Irene sonrió con ternura.
-Las relaciones no siempre son perfectas ni fáciles. A veces son un reflejo de nuestros propios miedos y esperanzas. Lo importante es que estés dispuesta a mirar lo que pasa, sin negar ni idealizar.
Respire hondo y cerré los ojos un instante.
-Quiero aprender a quererme. A quererlo a él. Pero no sé cómo empezar.
-El primer paso es reconocer que el amor no es un estado constante de felicidad. Es un trabajo. Un aprendizaje. Un acto de valentía.

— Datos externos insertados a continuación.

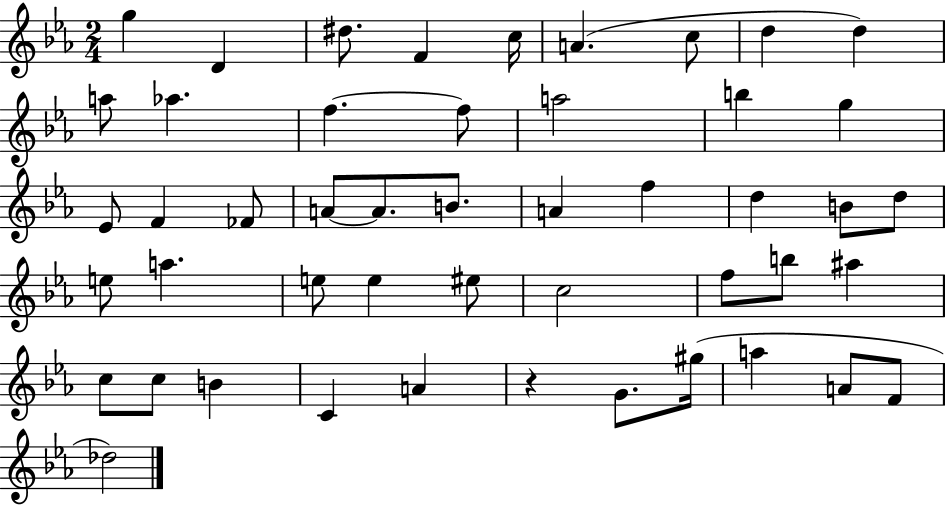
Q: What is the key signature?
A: EES major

Abrí los ojos-repetí. Eso suena… muy difícil.
Irene asintió.
-Lo es. Pero nadie dijo que fuera fácil.
Salí de la sesión con el corazón un poco más liviano y una certeza nueva: no estaba sola en el camino. Que el amor no era un cuento de hadas, sino una historia real, con sus caídas y levantadas. Que la tristeza y el miedo podían convivir con la esperanza.
Y que, tal vez, el inventario de cosas que no llenan comenzaba a transformarse en uno diferente: uno donde el dolor tenía lugar, pero no era el protagonista.